Ok, let's allow translating only the plural headers and deprecate singular headers in general. The former is covered by this issue and will be done by @yanne when he updates the class attributes of the Language class otherwise. The latter is covered by #4431 that I just submitted.

Aug 15 '22 11:08 pekkaklarck

Russian translation by @axxyhtrx added. It will be part of beta 1. Thanks for contribution!

Aug 15 '22 15:08 pekkaklarck

PR #4450 adds Bosnian provided by @Delilovic. It will be merged still before the beta that ought to be released today. Thanks for contribution!

Sep 02 '22 12:09 pekkaklarck

Turkish added by PR #4463. It will be included in beta 2. Thanks for a contribution @yusufcanb!

Sep 20 '22 18:09 pekkaklarck

Updates:

French true/false words added in PR #4487 by @mmalorni.
Spanish true/false words added in PR #4489 by Miguel Angel Apolayo Mendoza.
Simplified Chinese updated and Traditional Chinese added in PR #4488 by @nixuewei.

Updates will be part of rc 1. Thanks for contributions!

Sep 29 '22 10:09 pekkaklarck

PR #4499 brought us following translations:

Swedish by @JockeJarre
Bulgarian by @naschenez
Romanian by @zastress

Thanks you all for contributions!
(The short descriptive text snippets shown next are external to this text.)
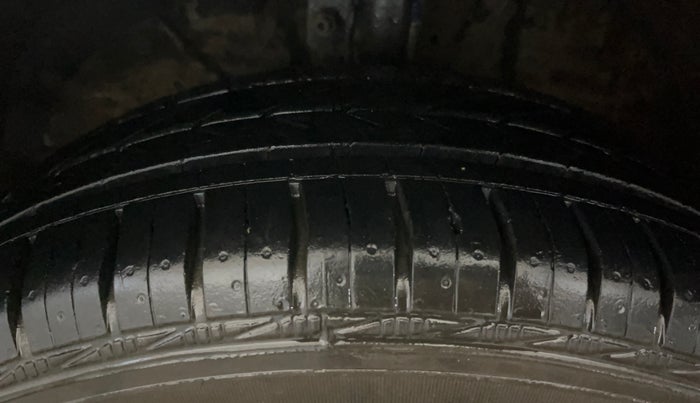 2019 Maruti Baleno SIGMA PETROL 1.2, Petrol, Manual, 68,958 km, Left Front Tyre Tread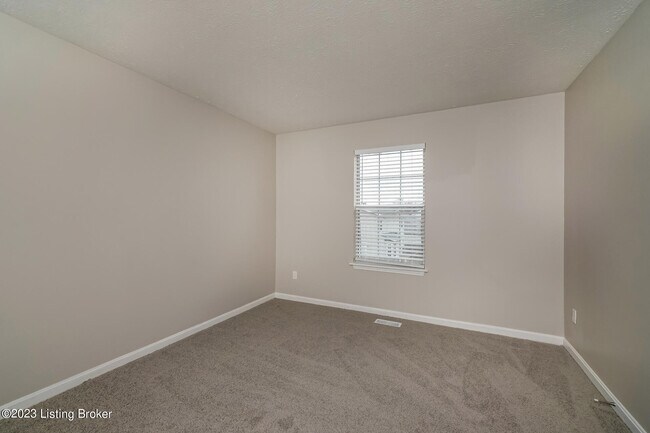 Building Photo - 4103 Willowview Blvd
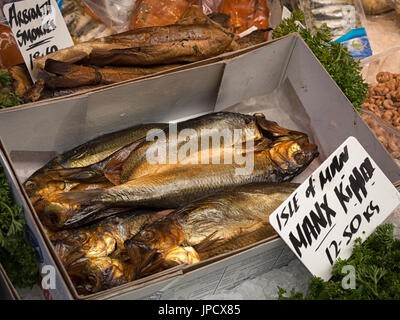 LONDON, Großbritannien - 29. JULI 2017: Attraktive Ausstellung von Manx Kippers an einem Stand im Borough Market, Southwark Stockfoto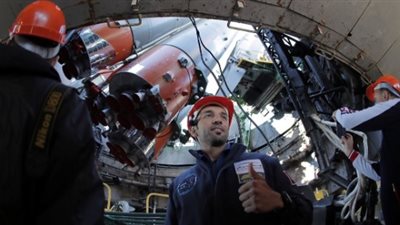 اللحظات الأولى لدخول رائد فضاء الإماراتي لمحطة الفضاء الدولية (فيديو)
These will be included in RF 6.0 due to it being delayed a bit and we anyway needing another release candidate.

Oct 07 '22 22:10 pekkaklarck

Italian was added in PR #4502 by @lugi0 and will be included in rc 2. Thanks for contribution!

Oct 10 '22 13:10 pekkaklarck

PR #4506 added Hindi and it still makes it to RF 6.0. Thanks for contribution @bbpatel2001!

Oct 11 '22 12:10 pekkaklarck